12.4.4. Can you use merging to check correlation between two different sets?#
You can use merging to check overlap between two DataFrames, for actual sets, it’s probably best to represent them as set
type objects and use set operations.
However, these type of operations are not actually correlations, which we’ll learn a bit about in a few weeks when we talk about regression
12.4.5. Is there any way to compare the team ids in both datasets so that it outputs the players that changed teams between those times?#
From the year_over_year
DataFrame we made above, we can check which players changed teams. Since players also can change teams within a season, this is a tricky question, but we could, for example look only for players that have no overlapping teams from 2018 to 2019.
change_check = lambda r: not(r['TEAM_ID_2018']== r['TEAM_ID_2019'])
year_over_year_clean['CHANGE_TEAM'] = year_over_year_clean.apply(change_check,axis=1)
year_over_year_clean.head()
---------------------------------------------------------------------------
NameError Traceback (most recent call last)

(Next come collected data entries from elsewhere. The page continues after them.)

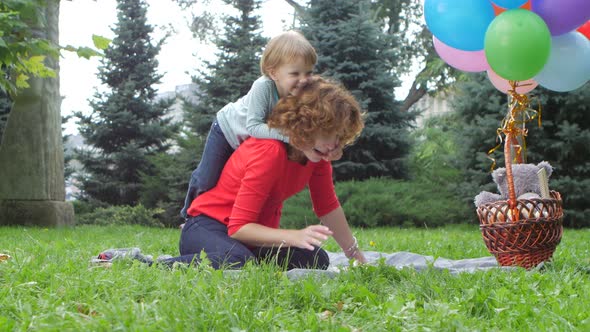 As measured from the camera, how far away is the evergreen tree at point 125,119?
13633 mm

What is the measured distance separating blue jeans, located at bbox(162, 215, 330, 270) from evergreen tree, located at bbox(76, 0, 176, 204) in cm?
985

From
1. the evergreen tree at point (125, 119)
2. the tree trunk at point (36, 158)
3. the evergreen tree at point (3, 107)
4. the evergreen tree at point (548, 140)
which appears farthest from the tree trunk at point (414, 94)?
the tree trunk at point (36, 158)

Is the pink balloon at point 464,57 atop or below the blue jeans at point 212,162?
atop

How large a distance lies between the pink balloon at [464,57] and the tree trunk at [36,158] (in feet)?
19.9

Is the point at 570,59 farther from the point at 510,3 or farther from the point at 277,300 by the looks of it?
the point at 277,300

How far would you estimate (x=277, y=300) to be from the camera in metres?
2.22

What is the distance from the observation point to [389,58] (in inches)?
442

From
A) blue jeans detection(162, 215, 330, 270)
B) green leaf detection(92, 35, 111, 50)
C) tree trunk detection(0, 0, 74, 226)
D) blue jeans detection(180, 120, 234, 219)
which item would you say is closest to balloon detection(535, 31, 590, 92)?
blue jeans detection(162, 215, 330, 270)

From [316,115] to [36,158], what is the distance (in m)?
6.98

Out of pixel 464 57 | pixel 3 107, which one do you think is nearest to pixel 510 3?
pixel 464 57

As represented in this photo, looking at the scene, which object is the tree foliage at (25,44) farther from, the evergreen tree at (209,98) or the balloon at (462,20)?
the evergreen tree at (209,98)

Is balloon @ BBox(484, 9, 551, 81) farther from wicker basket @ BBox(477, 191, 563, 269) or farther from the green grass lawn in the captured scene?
the green grass lawn

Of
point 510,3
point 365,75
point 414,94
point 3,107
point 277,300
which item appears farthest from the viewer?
point 414,94

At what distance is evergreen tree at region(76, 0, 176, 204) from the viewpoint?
1363cm
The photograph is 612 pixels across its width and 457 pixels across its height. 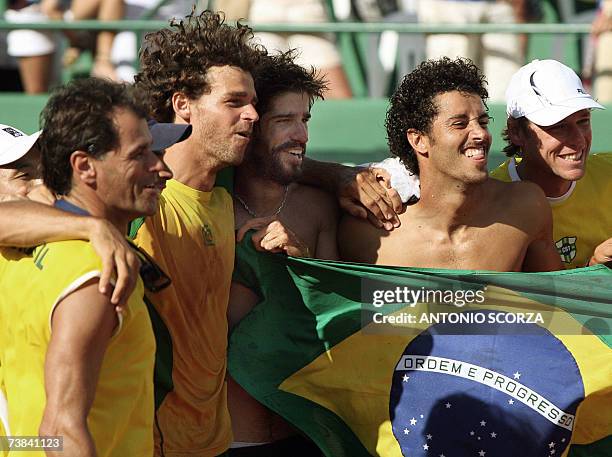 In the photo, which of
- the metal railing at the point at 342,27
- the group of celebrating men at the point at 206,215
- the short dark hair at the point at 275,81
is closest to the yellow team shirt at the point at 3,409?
the group of celebrating men at the point at 206,215

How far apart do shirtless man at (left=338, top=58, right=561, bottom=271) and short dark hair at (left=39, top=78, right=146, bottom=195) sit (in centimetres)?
161

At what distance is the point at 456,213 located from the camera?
15.5 ft

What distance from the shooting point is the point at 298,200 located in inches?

Input In [27], in <cell line: 2>()
1 change_check = lambda r: not(r['TEAM_ID_2018']== r['TEAM_ID_2019'])
----> 2 year_over_year_clean['CHANGE_TEAM'] = year_over_year_clean.apply(change_check,axis=1)
3 year_over_year_clean.head()
NameError: name 'year_over_year_clean' is not defined
Then we can filter the data by the new column, then take out only the player information and dropa ny duplicates for players that played in multiple teams in one eyar or the other.
y_o_y_changes = year_over_year_clean[year_over_year_clean['CHANGE_TEAM']]
y_o_y_change_players = y_o_y_changes[['PLAYER_ID','PLAYER_NAME']].drop_duplicates()
y_o_y_change_players.head()
---------------------------------------------------------------------------
NameError Traceback (most recent call last)
Input In [28], in <cell line: 1>()
----> 1 y_o_y_changes = year_over_year_clean[year_over_year_clean['CHANGE_TEAM']]
2 y_o_y_change_players = y_o_y_changes[['PLAYER_ID','PLAYER_NAME']].drop_duplicates()
3 y_o_y_change_players.head()
NameError: name 'year_over_year_clean' is not defined
and we can check how many players that is
y_o_y_change_players.shape
---------------------------------------------------------------------------
NameError Traceback (most recent call last)
Input In [29], in <cell line: 1>()
----> 1 y_o_y_change_players.shape
NameError: name 'y_o_y_change_players' is not defined
12.4.6. in year_over_year, where suffixes=(‘_2018’,‘_2019’), why is there an underscore?#
this is optional, but is best practice for pythonic variable naming. (and remember columns are like variables)
12.4.7. If we merge two dataframes which each have a column (or columns) that are the same, but each have different data types in those columns, what happens?#
If they’re just named the same, but not the “on” column, you’ll get the two columsn with different suffixes default ('_x','_y')
. If it’s the on
column, the merge will be empty
12.4.8. how does suffix to know to change the date?#
Suffix appends what we tell it to to the column names that occur in both datasets
12.5. More Practice#
Use a merge to figure out how many players did not return for the 2019 season
Also load the
conferences.csv
data. Use this to figure out how many players moved conferences from 2018 to 2019.